1. Field of the Invention
The present invention relates to a multi-path type ink-jet printing apparatus, and in particular to, an ink-jet printing apparatus suitable for printing data in full colors.
2. Prior Art
In an ink-jet printing apparatus, when one session of a print scanning operation of an ink-jet head is performed, all nozzles are set to be enabled. The print scanning operation is performed such that the ink-jet head is moved for a length corresponding to the number of nozzles for each print scanning operation in a direction perpendicular to the print scanning direction.
However, this method has the following problem. As shown in FIG. 13, assuming that the band width of which an ink-jet head 31 can print data on a sheet 32 with one print scanning operation is denoted by W, the head 31 prints data in bidirectional directions in such a manner that the head 31 is vertically moved by the band width W whenever each print scanning operation is performed as denoted by arrows (dotted lines). Thus, when output data 33 of the ink-jet head 31 exceeds two or more bands, each band deviates for .DELTA.d due to the feed deviation and feed error of the head 31. When the band width W is as large as several mm, since such a deviation periodically takes place, the picture quality deteriorates. However, it is known that when such a deviation takes place in a very short period (for example, around 1.5 mm), eyes of human beings cannot substantially recognize it.
Due to this fact, a multi-path method has been used.
In a multi-path type ink-jet printing apparatus, part of all nozzles of the head, which are interspersedly selected, are set to be enable at a time in one print scanning operation.

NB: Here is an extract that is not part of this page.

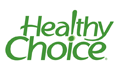 healthy choice 09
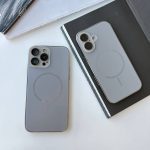 قاب پی وی دی مگ سیف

In the multi-path method, data that is to be output in one print scanning operation is printed with a plurality of print scanning operations. At this point, whenever the print scanning operation is performed, the head is slightly moved in the vertical direction.
FIGS. 14 and 15 are schematic diagrams for explaining a four-path type printing method.

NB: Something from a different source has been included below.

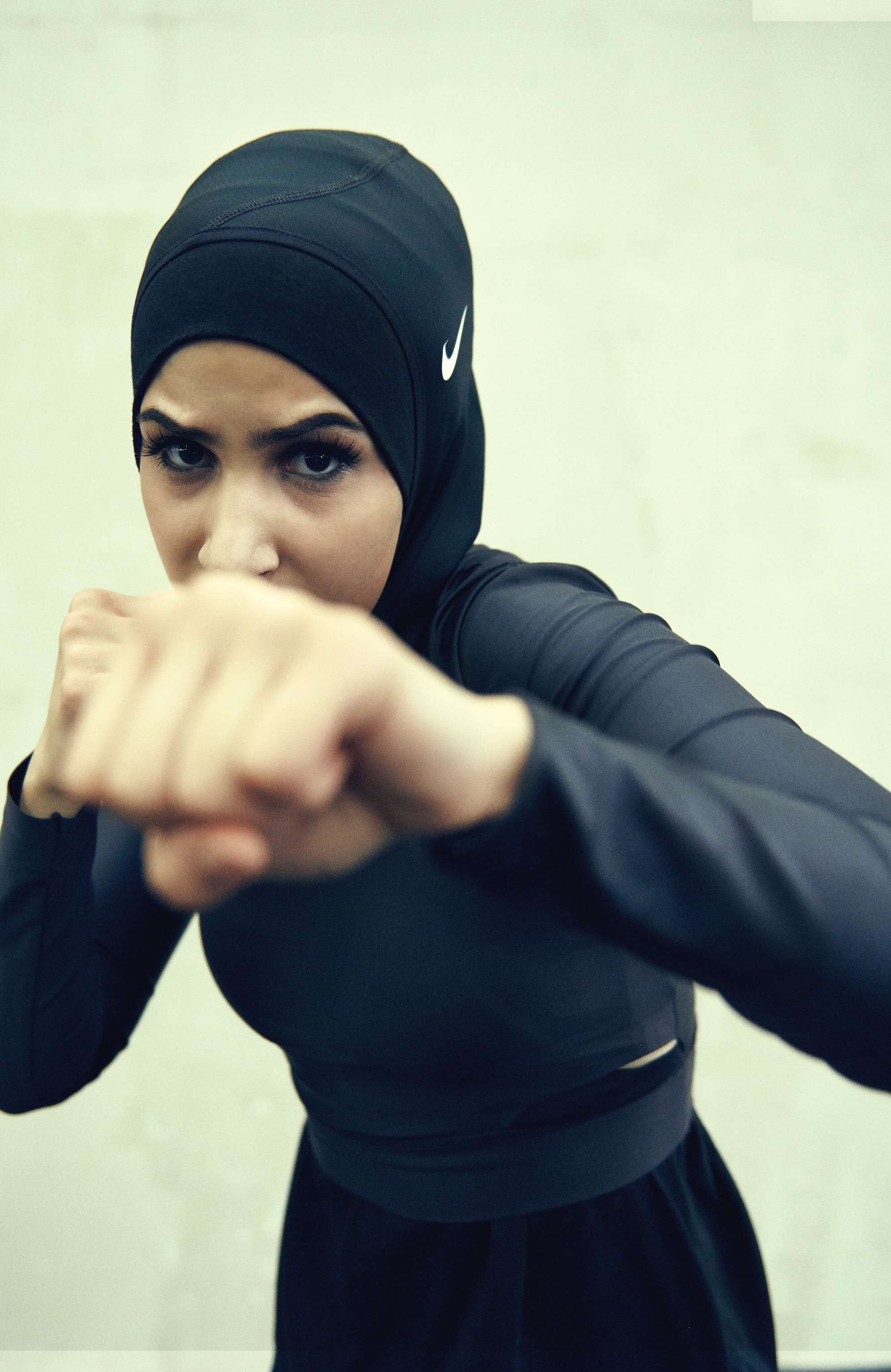 Zeina-Nassar-Training-FT-Club-Part-6- 7.jpg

As shown in FIG. 14, assuming that the number of nozzles of the ink-jet head 31 is 16 and the first print scanning time is T, in a print scanning operation, nozzles N11, N21, N31, and N41 are enable. In the second print scanning operation, nozzles N12, N22, N32, and N42 are enable. In the third print scanning operation, nozzles N13, N23, N33, and N43 are enable. In the fourth print scanning operation, nozzles N14, N24, N34, and N44 are enable. Thus, in each print scanning operation, four nozzles disposed at intervals of four nozzles are successively selected. As shown in FIG. 15, when each print scanning operation is completed, the head 31 is vertically moved for W/4. After a total of four print scanning operations are completed, data for the band width W is printed. In each scanning operation, even if output dots deviate, the picture quality does not remarkably deteriorate.

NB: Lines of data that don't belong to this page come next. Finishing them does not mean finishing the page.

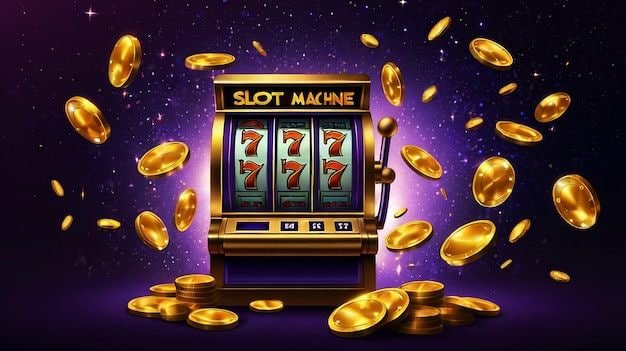 2277 bet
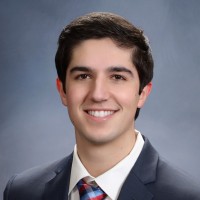 Level Data Employee Michael Lanotte's profile photo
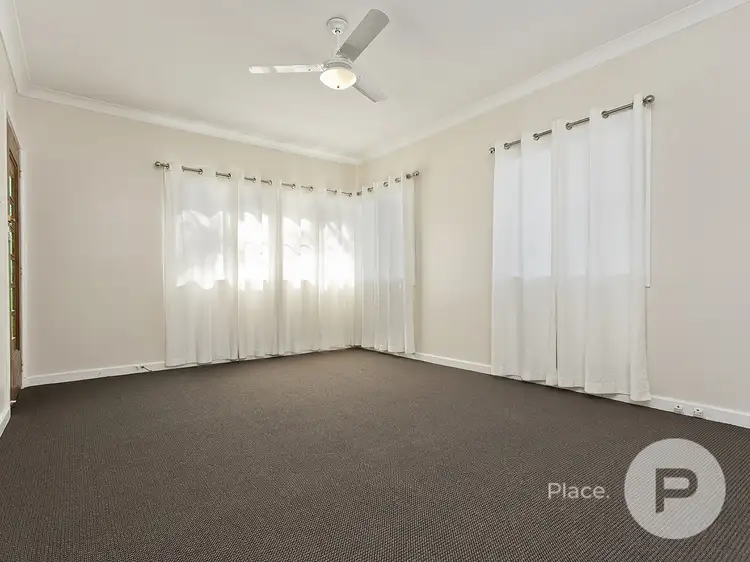 Seventh view of Homely house listing, 282 Beams Road, Zillmere QLD 4034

Now, as shown in FIG. 16, when one straight line is printed, the time difference after a dot d1 is formed in the first print scanning operation until a dot d2 adjacent to the dot d1 is formed in the second print scanning operation is equivalent to a period T of one print scanning operation. Likewise, dots d3 and d4 formed in the third and fourth print scanning operations are formed the period T time after the dots d2 and d3 adjacent thereto are formed, respectively. However, a dot d5 formed in the fifth print scanning operation is adjacent to both the dot d4 and a dot d2' formed in the second print scanning operation. The time difference between the dot d4 and the dot d5 is T. However, the time difference between the dot d2' and the dot d5 is 3T. In this case, the ink dried state of the dot d2' is different from the ink dried state of the dot d4. Thus, the ink mixed state between the dots d5 and d4 is delicately different from the ink mixed state between the dots d5 and d2'.
FIG. 17 is a schematic diagram showing time differences of adjacent dots formed by the above-described head driving method in a longer range than that in FIG. 16.
As shown in FIG. 17, dots with time differences 3T against adjacent dots regularly take place in relatively large spatial intervals. These dots cause density differences, resulting in a picture deterioration as texture noise.